Protein-encoding gene modeling and annotation

The genes in the genome assembly were modeled (predicted) following the philosophy described previously66. Such gene modeling procedure integrated the evidences from ab initio gene predictors based on Hidden Markov Models, spliced transcripts from RNA-seq data available currently and orthologous proteins from closely related species. Trinity (v2.4.0, default parameters)67 predicted and joined the potential transcripts. PASA (v2.1, https://github.com/PASApipeline/PASApipeline/wiki)68 extracted the open reading frames (ORFs) from these potential transcripts. These ORFs were directly used to optimize (train) the parameters of Augustus (v3.3, http://bioinf.uni-greifswald.de/augustus/), SNAP 2006-07-28 (http://archive.broadinstitute.org/mpg/snap/) and GlimmerHMM (v4.33, http://ccb.jhu.edu/software/glimmerhmm/) but not GeneMark-ES (v4.33, http://opal.biology.gatech.edu/GeneMark/) which used the genome assembly with the repetitive sequences marked to obtain an initial set of gene models69,70. Augustus was optimized for the parameters by eightfold cross-validation. SNAP and GlimmerHMM was optimized for the parameters by one round of training with the training set. GeneMark-ES did not require an explicit training data set. Orthologous protein sequences from Nannochloropsis gaditana20, Phaeodactylum tricornutum71, Chlamydomonas reinhardtii72, and Chlorella variabili73 from DOE-JGI (https://jgi.doe.gov) were mapped against the masked genome using tblastn 2.2.28 (https://blast.ncbi.nlm.nih.gov/Blast.cgi)74 (e-value = 1e−5), and then Genewise (v2.2.0, https://www.ebi.ac.uk/~birney/wise2/) was used to obtain the evidence of spliced protein-encoding gene. All the results were integrated into a single high-confidence gene model set with EVidenceModeler (v1.1.1, http://evidencemodeler.github.io/)75 using a weight set (PROTEIN GeneWise 5 ABINITIO_PREDICTION SNAP 1 ABINITIO_PREDICTION Augustus 5 ABINITIO_PREDICTION GlimmerHMM 1 ABINITIO_PREDICTION GeneMark.hmm 1 TRANSCRIPT assembler 10).

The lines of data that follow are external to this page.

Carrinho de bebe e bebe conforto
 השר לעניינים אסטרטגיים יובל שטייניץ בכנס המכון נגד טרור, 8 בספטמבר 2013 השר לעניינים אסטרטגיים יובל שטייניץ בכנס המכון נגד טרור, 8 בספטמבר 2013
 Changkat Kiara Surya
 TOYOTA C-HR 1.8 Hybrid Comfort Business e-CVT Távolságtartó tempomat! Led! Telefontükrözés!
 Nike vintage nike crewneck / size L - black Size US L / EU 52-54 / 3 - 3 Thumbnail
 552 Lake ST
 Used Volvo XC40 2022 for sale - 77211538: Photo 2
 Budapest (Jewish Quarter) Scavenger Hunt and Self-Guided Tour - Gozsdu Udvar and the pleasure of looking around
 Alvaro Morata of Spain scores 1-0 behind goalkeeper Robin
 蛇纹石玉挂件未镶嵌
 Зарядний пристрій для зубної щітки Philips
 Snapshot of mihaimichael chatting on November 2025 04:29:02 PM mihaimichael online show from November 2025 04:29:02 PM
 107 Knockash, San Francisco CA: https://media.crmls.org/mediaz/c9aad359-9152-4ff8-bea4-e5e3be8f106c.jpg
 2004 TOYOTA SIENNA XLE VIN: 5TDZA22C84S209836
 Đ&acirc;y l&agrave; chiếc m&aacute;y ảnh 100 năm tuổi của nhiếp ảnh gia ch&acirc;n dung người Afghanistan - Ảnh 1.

These genes were functionally annotated by homologous searching against Swiss-Prot (https://web.expasy.org/docs/swiss-prot_guideline.html), NCBI nt (https://www.ncbi.nlm.nih.gov/nucleotide/), NCBI nr (ftp://ftp.ncbi.nlm.nih.gov/blast/db/FASTA/nr.gz), Pfam (http://xfam.org/), eggnog (http://eggnogdb.embl.de/), GO (http://geneontology.org/page/go-database), and KEGG (http://www.genome.jp/kegg/).

Phylogenetic analysis

The 18S ribosomal RNA (18S rDNA), ribulose bisphosphate carboxylase large chain (rbcL), meiosis-associated and flagellum component genes and genome sequences used in this study were retrieved from GenBank (https://www.ncbi.nlm.nih.gov/genbank/). A set of selected proteins or gene sequences was aligned with ClustalX (v2.0, http://www.clustal.org)76, and the phylogenetic tree of such set of sequences was constructed with MrBayes (v3.2.6, http://nbisweden.github.io/MrBayes/)77. The nuclear and chloroplast genomes selected for microevolution analysis included those of C. merolae78, G. sulphuraia 79, C. reinhardtii72, C. variabilis 73, C. paradoxa80, E. huxleyi81, G. theta82, P. tricornutum71, A. anophagefferen83, and N. gaditana20 from either NCBI (https://www.ncbi.nlm.nih.gov/) or DOE-JGI (https://jgi.doe.gov) and those of N. oceanica were obtained in this study. The OrthoFinder (v2.2.6, https://github.com/davidemms/OrthoFinder/releases)84 generated an orthogroup set showing the protein homologs among the species selected. The gene trees and species tree were inferred using the OrthoFinder workflow, including BLAST, MAFFT, and FastTree with green algae and Glaucophytes as outgroup. From the orthogroup set of all species, the orthogroups of N. oceanica, P. tricornutum, and A. anophagefferens were selected to clarify the similarities of protein homologs among these three species one by one. The protein homologs in orthogroups each were clustered using ClustalO (v1.2.3, http://www.clustal.org)85 by limiting the maximum number of sequences in sub-clusters to two. In this way, the most similar protein homologs between N. oceanica and diatom, between N. oceanica and golden alga and between diatom and golden alga can be identified and counted.

Reporting summary

Further information on research design is available in the Nature Research Reporting Summary linked to this article.